DATA BELOW –

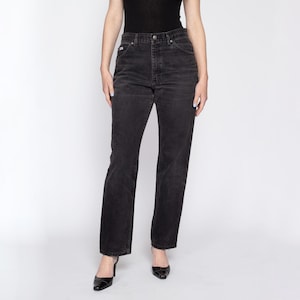 May include: Black high-waisted straight leg jeans with a classic fit.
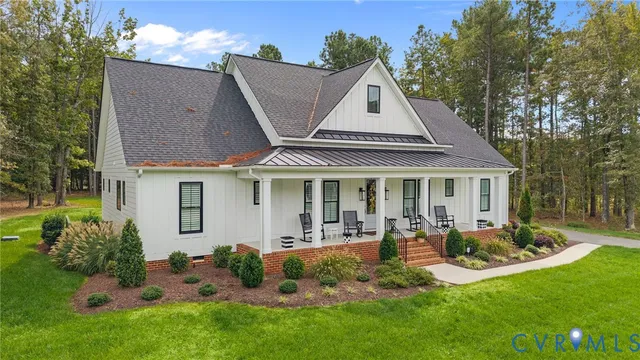 an aerial view of a house with a yard and large tree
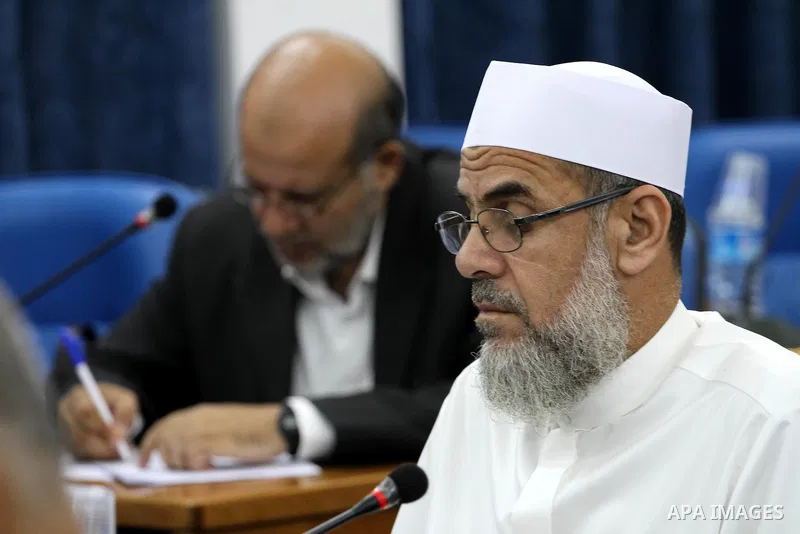 Members of the Palestinian legislative council from Hamas movement attend a meeting at the legislative council in Gaza city on July 29, 2015. Photo by Mohammed Asad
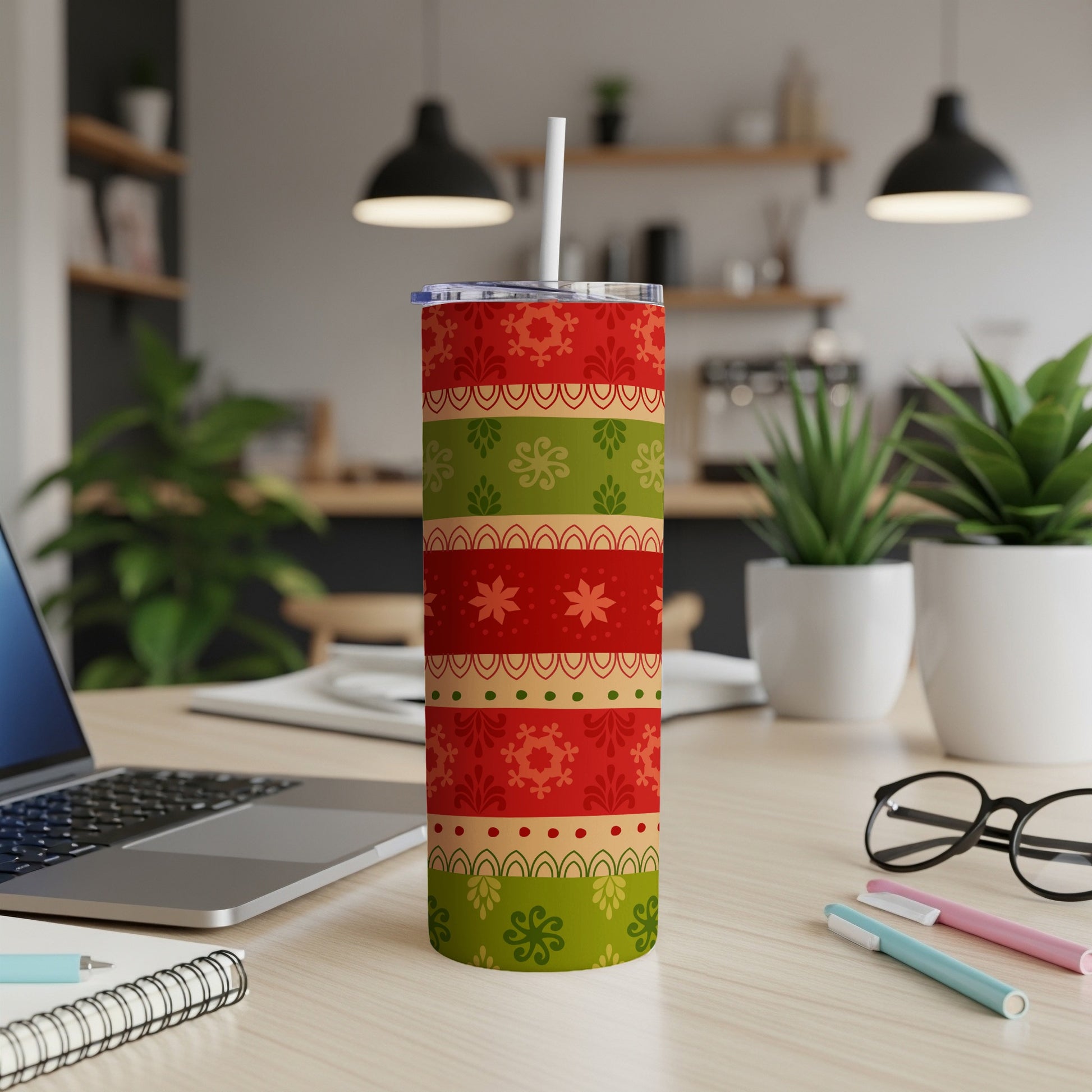 Red, green, and gold striped Christmas tumbler with straw on a desk.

PROBLEM DETAILS –
I would like the lines from the one with "an aerial view" through the last line of the data above retyped exactly, with pictures left out, please.

EXPECTED ANSWER –
 an aerial view of a house with a yard and large tree
 Members of the Palestinian legislative council from Hamas movement attend a meeting at the legislative council in Gaza city on July 29, 2015. Photo by Mohammed Asad
 Red, green, and gold striped Christmas tumbler with straw on a desk.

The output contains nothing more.